Plotting Points on a Sphere

Question

I am trying to generate random, uniformly distributed points on a sphere. However, the code is creating points that seem to create a disk instead. I believe that the issue resides in the "phirand" definition. Is the math there not correct?
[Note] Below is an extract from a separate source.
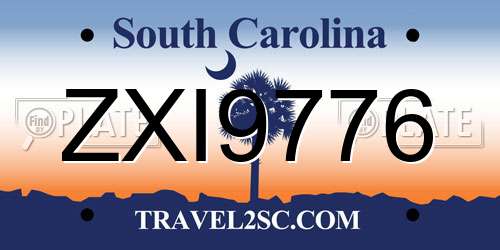 ZXI9776 South Carolina License Plate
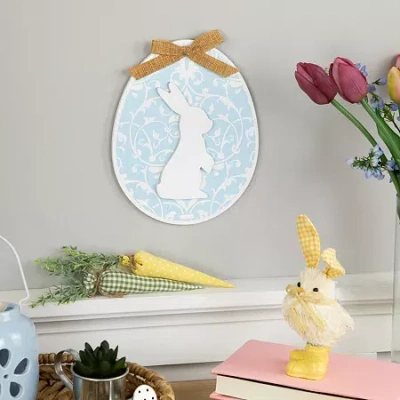 Northlight 10" Blue Egg With Bunny And Burlap Bow Wooden Wall Sign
I used the same code in Matlab and it worked in that.

Code:

import numpy as np
import pylab
from scipy.integrate import odeint
import matplotlib.pyplot as plt
#import random
import mpl_toolkits.mplot3d.axes3d as p3
import random as rand

particlecount = 10 ## of particles to generate energies for energy generation
binsize = 15 #Determines bin size for historgram of electron energies
RStart = 0.02
phi1 = 0
phi2 = 180
phi1rad = phi1*(np.pi/180)
phi2rad = phi2*(np.pi/180)

#Generate random positions for each particle between s1 and s2
ICPositions = np.array([])
for i in range(0,particlecount):
    #In Spherical: Generates random position with boundaries of: S1<r<S2
    thetarand = (2*np.pi)*rand.uniform(0,1) #Random # generation for component y between s1 and s2
    phirand = np.arcsin((np.sin(phi2rad) - np.sin(phi1rad))*rand.uniform(0,1) + np.sin(phi1rad))
    xrand = RStart*np.sin(phirand)*np.cos(thetarand)
    yrand = RStart*np.sin(phirand)*np.sin(thetarand)
    zrand = RStart*np.cos(phirand)
    randArray = np.array([xrand,yrand,zrand])
    randArray = np.array(randArray,dtype = float)
    if ICPositions.size == 0:
        ICPositions = np.array([randArray])
    else:
        ICPositions = np.append(ICPositions,[randArray],axis = 0)

print(ICPositions)

fig = plt.figure()
ax = fig.add_subplot(111,projection='3d')
ax.scatter(ICPositions[:,0],ICPositions[:,1],ICPositions[:,2],c='r',marker='o')
ax.set_xlabel('x axis')
ax.set_ylabel('y axis')
ax.set_zlabel('z axis')
plt.show()

Answer 1

I figured out the solution but do not understand why it works. Mathematically there is nothing wrong with my conversion definitions for x, y and z (After I Googled it and looked in a textbook). However, I saw another post where someone defined these coordinates slightly differently (Replacing sines with cosines for all phi components) without explaining why. The following worked when I replaced this:

xrand = RStart*np.sin(phirand)*np.cos(thetarand)
yrand = RStart*np.sin(phirand)*np.sin(thetarand)
zrand = RStart*np.cos(phirand)

With this:

xrand = RStart*np.cos(phirand)*np.cos(thetarand)
yrand = RStart*np.cos(phirand)*np.sin(thetarand)
zrand = RStart*np.sin(phirand)

Again I have no idea why this works but @Jenny gave a hint on another post that was asking a different question about the same code. Using [-90,90] instead of [0,180] is probably why this change is needed but again I am not certain why as sin[0,90,180] --> [0,1,0] while cos[-90,0,90] --> [0,1,0] and both cover the same numerical ranges. If someone has a solid mathematical/coding reason for this please comment on my answer to explain further.